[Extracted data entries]
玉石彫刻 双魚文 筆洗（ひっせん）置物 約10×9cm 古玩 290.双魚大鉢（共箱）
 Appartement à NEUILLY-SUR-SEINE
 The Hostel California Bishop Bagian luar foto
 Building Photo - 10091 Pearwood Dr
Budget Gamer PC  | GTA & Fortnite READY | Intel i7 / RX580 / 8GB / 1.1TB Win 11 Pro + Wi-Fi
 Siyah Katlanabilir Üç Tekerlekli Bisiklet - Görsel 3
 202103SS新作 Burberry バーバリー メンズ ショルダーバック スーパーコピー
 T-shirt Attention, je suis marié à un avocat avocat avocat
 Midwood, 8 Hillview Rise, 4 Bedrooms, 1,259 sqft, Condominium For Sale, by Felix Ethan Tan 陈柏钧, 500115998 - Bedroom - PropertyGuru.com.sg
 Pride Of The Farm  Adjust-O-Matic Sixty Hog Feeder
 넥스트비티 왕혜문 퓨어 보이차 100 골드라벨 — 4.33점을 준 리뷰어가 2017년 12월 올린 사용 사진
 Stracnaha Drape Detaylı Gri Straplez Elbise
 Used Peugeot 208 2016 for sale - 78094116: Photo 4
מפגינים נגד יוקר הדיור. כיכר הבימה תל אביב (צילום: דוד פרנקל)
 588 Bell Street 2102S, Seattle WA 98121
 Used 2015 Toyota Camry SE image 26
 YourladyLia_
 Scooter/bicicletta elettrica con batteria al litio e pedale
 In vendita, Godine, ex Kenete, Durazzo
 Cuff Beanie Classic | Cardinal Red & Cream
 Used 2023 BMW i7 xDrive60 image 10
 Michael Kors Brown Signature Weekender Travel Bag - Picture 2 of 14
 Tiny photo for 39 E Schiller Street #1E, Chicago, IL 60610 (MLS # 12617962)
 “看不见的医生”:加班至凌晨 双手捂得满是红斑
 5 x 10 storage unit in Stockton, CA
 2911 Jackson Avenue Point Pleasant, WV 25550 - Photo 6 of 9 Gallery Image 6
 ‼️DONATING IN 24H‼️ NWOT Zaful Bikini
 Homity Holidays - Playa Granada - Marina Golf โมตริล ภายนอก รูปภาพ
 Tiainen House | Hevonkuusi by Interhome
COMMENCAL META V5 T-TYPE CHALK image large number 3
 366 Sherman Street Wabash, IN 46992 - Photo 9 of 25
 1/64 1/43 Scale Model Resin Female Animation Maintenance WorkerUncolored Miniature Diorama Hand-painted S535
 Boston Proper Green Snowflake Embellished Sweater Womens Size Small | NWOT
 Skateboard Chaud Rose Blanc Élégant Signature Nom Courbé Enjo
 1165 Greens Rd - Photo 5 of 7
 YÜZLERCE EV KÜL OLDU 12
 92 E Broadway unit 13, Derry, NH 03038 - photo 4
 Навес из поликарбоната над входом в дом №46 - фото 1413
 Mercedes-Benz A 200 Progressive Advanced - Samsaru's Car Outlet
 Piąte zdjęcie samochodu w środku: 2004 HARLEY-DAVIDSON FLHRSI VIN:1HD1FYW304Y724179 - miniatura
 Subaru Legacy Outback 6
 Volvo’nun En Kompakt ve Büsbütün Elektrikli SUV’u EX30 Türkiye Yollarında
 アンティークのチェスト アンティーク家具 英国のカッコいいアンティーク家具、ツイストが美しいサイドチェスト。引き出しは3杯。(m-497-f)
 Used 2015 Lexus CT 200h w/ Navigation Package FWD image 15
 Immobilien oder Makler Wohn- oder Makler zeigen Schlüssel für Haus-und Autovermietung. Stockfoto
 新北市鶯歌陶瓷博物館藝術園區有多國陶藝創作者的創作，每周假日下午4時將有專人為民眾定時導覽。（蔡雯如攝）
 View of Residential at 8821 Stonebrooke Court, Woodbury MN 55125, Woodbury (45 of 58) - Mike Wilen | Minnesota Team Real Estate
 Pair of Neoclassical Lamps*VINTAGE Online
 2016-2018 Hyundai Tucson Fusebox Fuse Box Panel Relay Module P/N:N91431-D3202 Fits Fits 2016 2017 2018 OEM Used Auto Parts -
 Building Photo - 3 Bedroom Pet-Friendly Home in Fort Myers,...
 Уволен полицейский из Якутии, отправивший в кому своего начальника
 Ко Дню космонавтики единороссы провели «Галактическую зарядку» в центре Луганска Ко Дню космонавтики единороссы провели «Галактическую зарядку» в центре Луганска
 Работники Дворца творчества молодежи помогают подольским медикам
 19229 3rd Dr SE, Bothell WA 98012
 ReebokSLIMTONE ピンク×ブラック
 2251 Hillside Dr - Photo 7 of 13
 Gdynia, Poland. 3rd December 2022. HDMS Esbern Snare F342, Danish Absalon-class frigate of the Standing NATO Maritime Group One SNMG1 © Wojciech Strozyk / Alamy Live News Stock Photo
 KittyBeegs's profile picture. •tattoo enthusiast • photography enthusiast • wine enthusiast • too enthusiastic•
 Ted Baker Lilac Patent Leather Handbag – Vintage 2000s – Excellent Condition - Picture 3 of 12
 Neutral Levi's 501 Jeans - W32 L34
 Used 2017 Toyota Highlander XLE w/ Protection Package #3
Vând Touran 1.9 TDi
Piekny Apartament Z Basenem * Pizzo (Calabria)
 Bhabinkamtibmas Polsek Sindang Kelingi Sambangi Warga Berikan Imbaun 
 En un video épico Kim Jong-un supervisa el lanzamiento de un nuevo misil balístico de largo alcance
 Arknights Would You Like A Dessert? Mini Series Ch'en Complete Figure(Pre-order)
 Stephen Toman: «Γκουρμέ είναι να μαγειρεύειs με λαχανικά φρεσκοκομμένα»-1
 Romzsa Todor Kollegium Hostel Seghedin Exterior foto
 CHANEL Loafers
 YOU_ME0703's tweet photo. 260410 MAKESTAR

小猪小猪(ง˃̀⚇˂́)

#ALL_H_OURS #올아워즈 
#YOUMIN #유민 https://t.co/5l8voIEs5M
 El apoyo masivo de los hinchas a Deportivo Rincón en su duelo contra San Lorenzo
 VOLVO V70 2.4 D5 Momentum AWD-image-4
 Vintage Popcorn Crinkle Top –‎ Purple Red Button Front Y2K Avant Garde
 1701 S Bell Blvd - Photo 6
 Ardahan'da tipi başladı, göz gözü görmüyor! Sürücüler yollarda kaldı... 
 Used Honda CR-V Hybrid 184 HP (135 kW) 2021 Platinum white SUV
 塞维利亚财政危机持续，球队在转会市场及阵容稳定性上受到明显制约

**EXERCISE DETAILS:** With the line that has "Siyah Katlanabilir Üç" as the first and the line that has "Volvo’nun En Kompakt" as the last, repeat exactly that run of lines above and no more.

**YOUR SOLUTION:**
 Siyah Katlanabilir Üç Tekerlekli Bisiklet - Görsel 3
 202103SS新作 Burberry バーバリー メンズ ショルダーバック スーパーコピー
 T-shirt Attention, je suis marié à un avocat avocat avocat
 Midwood, 8 Hillview Rise, 4 Bedrooms, 1,259 sqft, Condominium For Sale, by Felix Ethan Tan 陈柏钧, 500115998 - Bedroom - PropertyGuru.com.sg
 Pride Of The Farm  Adjust-O-Matic Sixty Hog Feeder
 넥스트비티 왕혜문 퓨어 보이차 100 골드라벨 — 4.33점을 준 리뷰어가 2017년 12월 올린 사용 사진
 Stracnaha Drape Detaylı Gri Straplez Elbise
 Used Peugeot 208 2016 for sale - 78094116: Photo 4
מפגינים נגד יוקר הדיור. כיכר הבימה תל אביב (צילום: דוד פרנקל)
 588 Bell Street 2102S, Seattle WA 98121
 Used 2015 Toyota Camry SE image 26
 YourladyLia_
 Scooter/bicicletta elettrica con batteria al litio e pedale
 In vendita, Godine, ex Kenete, Durazzo
 Cuff Beanie Classic | Cardinal Red & Cream
 Used 2023 BMW i7 xDrive60 image 10
 Michael Kors Brown Signature Weekender Travel Bag - Picture 2 of 14
 Tiny photo for 39 E Schiller Street #1E, Chicago, IL 60610 (MLS # 12617962)
 “看不见的医生”:加班至凌晨 双手捂得满是红斑
 5 x 10 storage unit in Stockton, CA
 2911 Jackson Avenue Point Pleasant, WV 25550 - Photo 6 of 9 Gallery Image 6
 ‼️DONATING IN 24H‼️ NWOT Zaful Bikini
 Homity Holidays - Playa Granada - Marina Golf โมตริล ภายนอก รูปภาพ
 Tiainen House | Hevonkuusi by Interhome
COMMENCAL META V5 T-TYPE CHALK image large number 3
 366 Sherman Street Wabash, IN 46992 - Photo 9 of 25
 1/64 1/43 Scale Model Resin Female Animation Maintenance WorkerUncolored Miniature Diorama Hand-painted S535
 Boston Proper Green Snowflake Embellished Sweater Womens Size Small | NWOT
 Skateboard Chaud Rose Blanc Élégant Signature Nom Courbé Enjo
 1165 Greens Rd - Photo 5 of 7
 YÜZLERCE EV KÜL OLDU 12
 92 E Broadway unit 13, Derry, NH 03038 - photo 4
 Навес из поликарбоната над входом в дом №46 - фото 1413
 Mercedes-Benz A 200 Progressive Advanced - Samsaru's Car Outlet
 Piąte zdjęcie samochodu w środku: 2004 HARLEY-DAVIDSON FLHRSI VIN:1HD1FYW304Y724179 - miniatura
 Subaru Legacy Outback 6
 Volvo’nun En Kompakt ve Büsbütün Elektrikli SUV’u EX30 Türkiye Yollarında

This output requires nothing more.